Me crié en la Casa del Miedo, aunque no puedo considerar “mi casa” a un lugar en el que nunca me he sentido a salvo.
No era un miedo intenso, sino velado, pero tan constante que poco a poco todos los inquilinos de la casa nos empapábamos de él, y al final se nos quedaba el espíritu agarrotado de tanto aferrarnos a la protección que brinda el miedo. Era un miedo de pacotilla, que casi daba risa, pero minaba la moral y me sumía en un letargo del que aún hoy en día me cuesta escapar.
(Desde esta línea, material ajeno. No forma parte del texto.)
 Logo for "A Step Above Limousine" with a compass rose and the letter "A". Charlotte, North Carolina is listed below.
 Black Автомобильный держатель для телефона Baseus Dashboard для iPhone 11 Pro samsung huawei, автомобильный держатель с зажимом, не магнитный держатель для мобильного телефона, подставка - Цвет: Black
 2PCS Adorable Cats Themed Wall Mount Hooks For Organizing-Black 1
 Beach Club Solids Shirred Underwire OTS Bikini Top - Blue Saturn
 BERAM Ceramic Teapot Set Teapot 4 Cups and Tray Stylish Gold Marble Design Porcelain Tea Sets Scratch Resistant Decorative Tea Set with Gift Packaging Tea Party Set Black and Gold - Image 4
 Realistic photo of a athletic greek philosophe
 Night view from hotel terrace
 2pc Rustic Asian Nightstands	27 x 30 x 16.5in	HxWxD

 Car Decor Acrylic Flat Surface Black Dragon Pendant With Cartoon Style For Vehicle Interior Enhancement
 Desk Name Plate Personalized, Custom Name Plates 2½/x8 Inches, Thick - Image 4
Se había adherido a mis huesos y sembraba mis pulmones de silencio.

El miedo me hizo torpe, insegura e invisible. El miedo me carcomía por dentro, devorando la espontaneidad y la picardía. No me dejaba replicar ni reivindicarme, e inhibió por completo el sabio sentido de la locura. No se me permitía ser intensa, ni reír a carcajadas, y tenía que medir constantemente mis comentarios. El miedo me mutiló, y yo ni siquiera sabía que me estaba destrozando. Y es que temer por todo no te protege de la vida. Jamás hay que permitir que la prudencia se torne en miedo. 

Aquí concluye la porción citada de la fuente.